Scraped caption text data =>
#####

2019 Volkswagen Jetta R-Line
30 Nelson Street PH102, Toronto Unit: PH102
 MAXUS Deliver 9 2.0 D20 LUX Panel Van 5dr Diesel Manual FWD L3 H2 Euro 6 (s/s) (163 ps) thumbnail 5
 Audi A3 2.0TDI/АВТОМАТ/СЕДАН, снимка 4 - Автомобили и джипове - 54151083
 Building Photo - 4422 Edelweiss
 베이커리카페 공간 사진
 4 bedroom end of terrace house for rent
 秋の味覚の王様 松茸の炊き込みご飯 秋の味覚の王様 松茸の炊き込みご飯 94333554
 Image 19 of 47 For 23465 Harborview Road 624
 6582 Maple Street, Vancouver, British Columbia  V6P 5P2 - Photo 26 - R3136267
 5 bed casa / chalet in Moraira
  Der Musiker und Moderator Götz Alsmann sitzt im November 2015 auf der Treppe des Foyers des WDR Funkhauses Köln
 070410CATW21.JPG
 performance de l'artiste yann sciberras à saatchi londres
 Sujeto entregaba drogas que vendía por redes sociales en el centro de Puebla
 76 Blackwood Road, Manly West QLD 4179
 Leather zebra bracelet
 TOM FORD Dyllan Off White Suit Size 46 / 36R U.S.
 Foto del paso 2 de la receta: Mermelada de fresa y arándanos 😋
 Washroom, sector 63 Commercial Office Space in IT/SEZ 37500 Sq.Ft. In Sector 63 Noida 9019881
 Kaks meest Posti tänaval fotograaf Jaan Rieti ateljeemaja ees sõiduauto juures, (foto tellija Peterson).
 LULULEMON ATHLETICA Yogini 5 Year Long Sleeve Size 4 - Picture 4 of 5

#####

Work order => Where a line in the records above contains the string "Street", copy that line.

Result of the task =>
30 Nelson Street PH102, Toronto Unit: PH102
 6582 Maple Street, Vancouver, British Columbia  V6P 5P2 - Photo 26 - R3136267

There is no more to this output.